This incident makes me think that services like Redis should support running with two sets of credentials at once in order to facilitate credential rolling. As it currently stands, rolling credentials is a rather big deal with a chance of things going wrong in the process.
Aside: the text on that page is extremely difficult to read because of poor contrast (#8584B2 on #282936) and might be impossible for people with vision impairment. If anyone from Heroku is reading, you should change the color scheme to be compliant with the W3C Web Content Accessibility Guidelines. See: http://www.snook.ca/technical/colour_contrast/colour.html
I thought the exact same thing, but then I realized that we don’t need Redis to actually support a choice of two passwords for a single account. Rather, clients can be configured with a list of credentials to try. When rolling credentials over, simply add the new ones to the clients’ lists, update the service, then remove the old ones from the clients. Then you can wait hours or days between steps for safety, and there is no time when system reliability is degraded by a service instance being inaccessible.
To your aside: I for one really appreciate Heroku's color scheme. I find high contrast color schemes very fatiguing, and prefer light-ish on dark-ish color schemes like Heroku's. I don't really believe in a universally ideal color scheme. I think we should instead focus on building and supporting tooling to help people adapt content to their needs.

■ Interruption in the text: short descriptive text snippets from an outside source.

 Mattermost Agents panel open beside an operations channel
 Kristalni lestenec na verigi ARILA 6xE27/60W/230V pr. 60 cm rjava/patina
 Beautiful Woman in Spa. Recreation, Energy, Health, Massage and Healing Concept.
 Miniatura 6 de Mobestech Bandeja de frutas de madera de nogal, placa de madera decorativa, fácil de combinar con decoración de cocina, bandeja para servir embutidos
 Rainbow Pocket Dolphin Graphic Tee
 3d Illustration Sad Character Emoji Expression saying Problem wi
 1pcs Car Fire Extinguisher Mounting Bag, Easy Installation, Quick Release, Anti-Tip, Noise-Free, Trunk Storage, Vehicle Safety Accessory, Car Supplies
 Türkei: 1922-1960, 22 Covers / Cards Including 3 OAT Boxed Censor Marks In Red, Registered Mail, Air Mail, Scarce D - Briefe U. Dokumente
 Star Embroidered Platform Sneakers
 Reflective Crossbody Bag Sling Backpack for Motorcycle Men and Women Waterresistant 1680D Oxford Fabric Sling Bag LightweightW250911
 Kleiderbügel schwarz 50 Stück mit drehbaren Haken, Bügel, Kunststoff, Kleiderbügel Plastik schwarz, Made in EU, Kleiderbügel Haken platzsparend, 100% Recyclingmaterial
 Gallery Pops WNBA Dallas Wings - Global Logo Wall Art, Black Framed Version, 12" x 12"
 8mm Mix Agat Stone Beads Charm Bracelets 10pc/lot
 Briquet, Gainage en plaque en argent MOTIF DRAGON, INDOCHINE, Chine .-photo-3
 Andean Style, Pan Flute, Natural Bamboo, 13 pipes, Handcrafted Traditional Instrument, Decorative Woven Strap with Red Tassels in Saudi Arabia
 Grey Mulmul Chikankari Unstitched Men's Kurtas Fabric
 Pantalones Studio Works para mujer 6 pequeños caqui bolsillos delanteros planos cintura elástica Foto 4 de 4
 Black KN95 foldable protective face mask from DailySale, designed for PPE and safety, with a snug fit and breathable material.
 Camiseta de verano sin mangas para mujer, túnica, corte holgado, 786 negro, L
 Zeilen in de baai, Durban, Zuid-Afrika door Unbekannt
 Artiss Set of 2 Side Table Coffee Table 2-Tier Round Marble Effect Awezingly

Anyone with serious visual impairments almost certainly already has a user stylesheet installed in their browser of choice.
I am a person with reasonably decent vision who is fatigued by high-contrast color schemes. I greatly appreciate grey-on-black and other such color schemes that make it so I'm not staring into a lightbulb for ten-to-twelve hours a day. (Yes, my monitor brightness is set to a reasonable level. Yes, black on white is still far more fatiguing than white on black.)
Because I so rarely feel compelled to say this: this is a really great post-mortem. It's technical, it's not loaded down with sales-speak, and it's straightforward. I really hope post-mortems like this become more of a trend.
This paragraph reads like a response to the criticism they received a few days ago for scheduling maintenance at 2pm PST:
On June 23rd we performed a credential roll on these Redis servers in our US cloud during a two hour scheduled maintenance window. Because we operate a service used globally, there is a less-than 10% difference in usage between so-called "peak hours" and “non-peak” hours. We scheduled maintenance for this time because it was not a peak time, but moreso because this period has high coverage from relevant engineering teams, should issues arise. By performing maintenance during this period, we were able to react more quickly and muster those teams within seconds.
So, doing maintenance on US servers, on a Friday, during a timeframe when the US is getting off work is not a peak period of time for those servers? That sounds a bit like using numbers to lie, or at least minimalize the impact.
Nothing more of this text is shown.